Uptime Monitoring for Hasura GraphQL Engine with DataDog on GKE
Uptime monitoring is an important set up to determine availability and reliability of the servers in which your application is running. Hasura GraphQL Engine can be deployed as a Docker container and hence integrations with monitoring tools is a lot easier since most of them come with their built-in solution. By the end of this post, you will be able to set up monitoring alerts with DataDog on a Kubernetes cluster.
Set up Hasura GraphQL Engine on GKE
This documentation assumes that you have Hasura GraphQL Engine installed on Google Kubernetes Engine. Instructions for deployment is available here.
Install Datadog agent on Kubernetes
Head over to installation instructions of Datadog Agent on Kubernetes.
We will use Kubernetes DaemonSets to automatically deploy the Datadog Agent on all nodes.
Once the DaemonSets extension is enabled, create a manifest datadog-agent.yaml using this manifest to deploy the Datadog Agent. The manifesDot also includes your Datadog account API key and hence it is recommended to use the same.
You’ll then be able to deploy the DaemonSet with the command
$ kubectl create -f datadog-agent.yaml
Check the status of the datadog agent pod using
$ kubectl get pods
Once its up and running, you can go to your Datadog dashboard for Kubernetes to view metrics that are automatically collected by the agent.
By default, the Agent reports basic system metrics to Datadog, covering CPU, network, disk, and memory usage.
Fine grained metrics with kube-state-metrics
For more fine-grained metrics, you have to set up kube-state-metrics add-on to your cluster, which provides much more detailed metrics on the state of the cluster itself. Some of the metrics it collects are node status, node capacity (CPU and memory), number of desired/available/unavailable/updated replicas per deployment, pod status (e.g., waiting, running, ready), and so on.
Once you clone the kube-state-metrics repo, you just need to do the following:
An important note for GKE users is that GKE has strict role permissions that will prevent the kube-state-metrics roles and role bindings from being created. To work around this, you can give your GCP identity the cluster-admin role by running the following one-liner:
$ kubectl create clusterrolebinding cluster-admin-binding --clusterrole=cluster-admin --user=$(gcloud info | grep Account | cut -d '[' -f 2 | cut -d ']' -f 1)
Once you get “cluster-admin-binding” created message, you can continue with the setup of this service by executing the following command:
$ kubectl apply -f kubernetes
inside that repo as given in the README. The kubernetes folder contains service and deployment configs.
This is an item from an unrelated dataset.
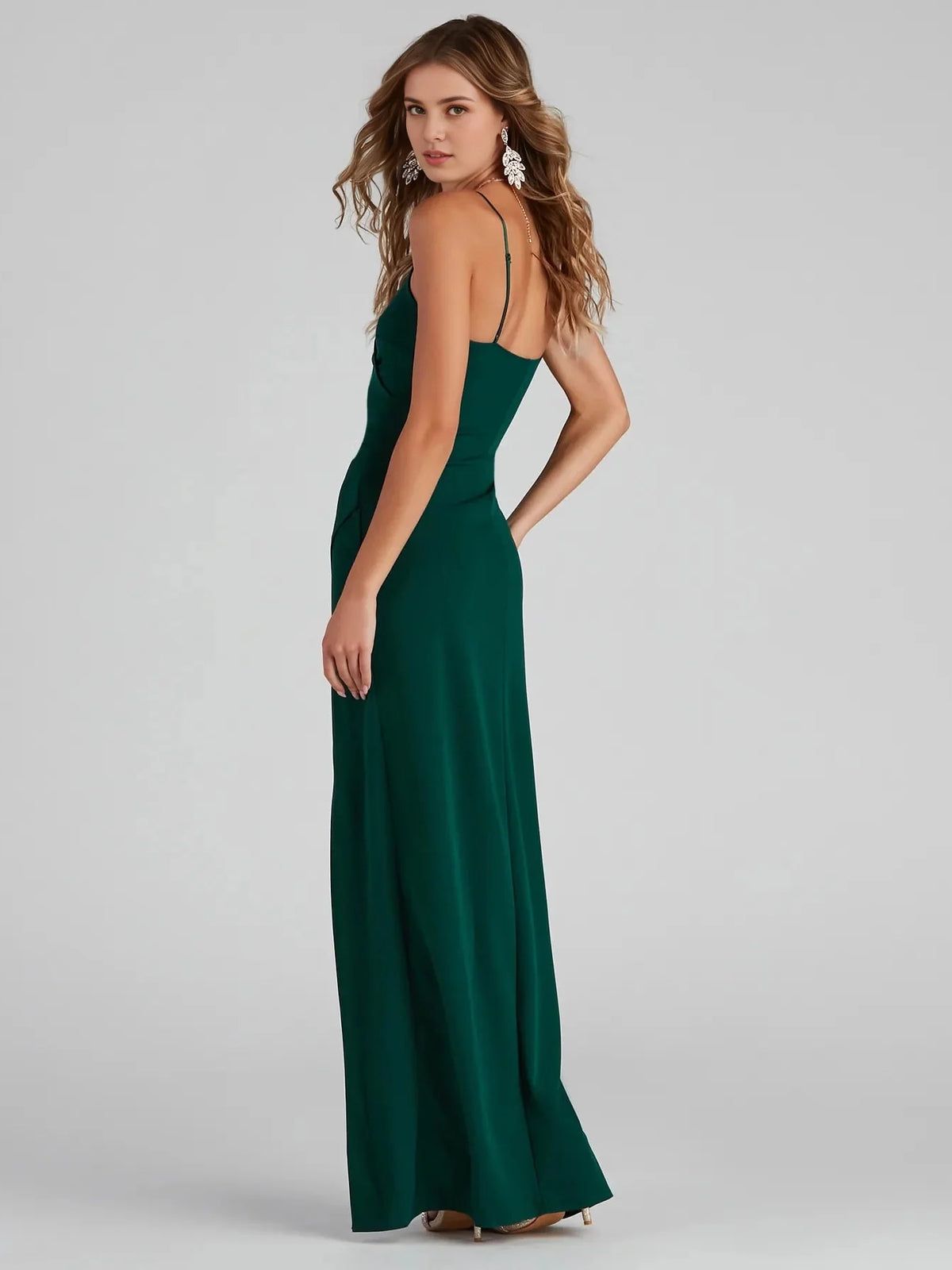 Forest Green floor-length prom dress, alternate view showing the dress shape and hem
You can check the status of metrics deployment using
$ kubectl get deployment -n kube-system
and it will list a pod named metrics-server-v0.2.1 (at the time of writing, v0.2.1). Now head over to the Datadog dashboard to see more specific metrics from your Kubernetes cluster.
Once that is running, we can start creating Monitors in Datadog for alerts via Email.
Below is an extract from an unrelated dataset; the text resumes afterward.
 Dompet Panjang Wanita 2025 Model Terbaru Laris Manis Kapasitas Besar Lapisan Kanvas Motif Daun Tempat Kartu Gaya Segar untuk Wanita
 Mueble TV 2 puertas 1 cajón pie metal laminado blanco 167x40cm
Head over to DataDog Monitors and select Kubernetes or Docker integration to start creating monitoring alerts whenever a deployment or a pod is down.
Define the metric to see if pods are running in the GraphQL Engine deployment by setting the threshold values for Alert (typically below 1), and setup notification via email in subsequent steps by templating the content of email.
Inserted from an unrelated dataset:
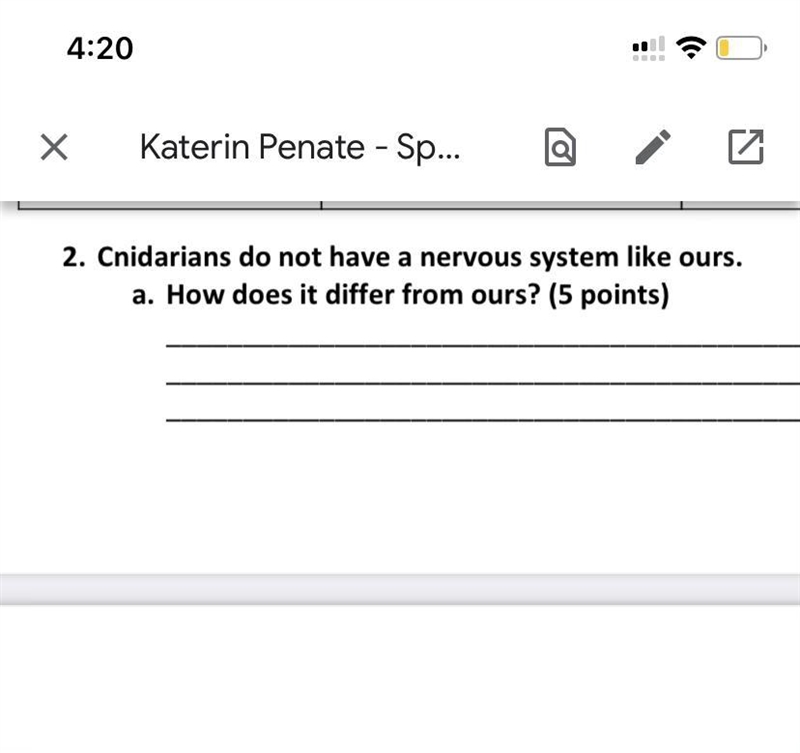 Cnidarians do not have a nervous system like ours. a. How does it differ from ours-example-1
You can create multiple monitors to track CPU and memory usage etc depending on the use case. To test if the alerts are working, let’s scale the deployment of graphql-engine to 0.
$ kubectl scale --replicas=0 deployment/hasura-graphql-engine
Now depending on the metric setup, you will get an email alert because the pods are not running. Head over to manage monitors to see the status of each monitors.
This is a quick and effective way to setup uptime monitoring on a production kubernetes cluster for GraphQL Engine.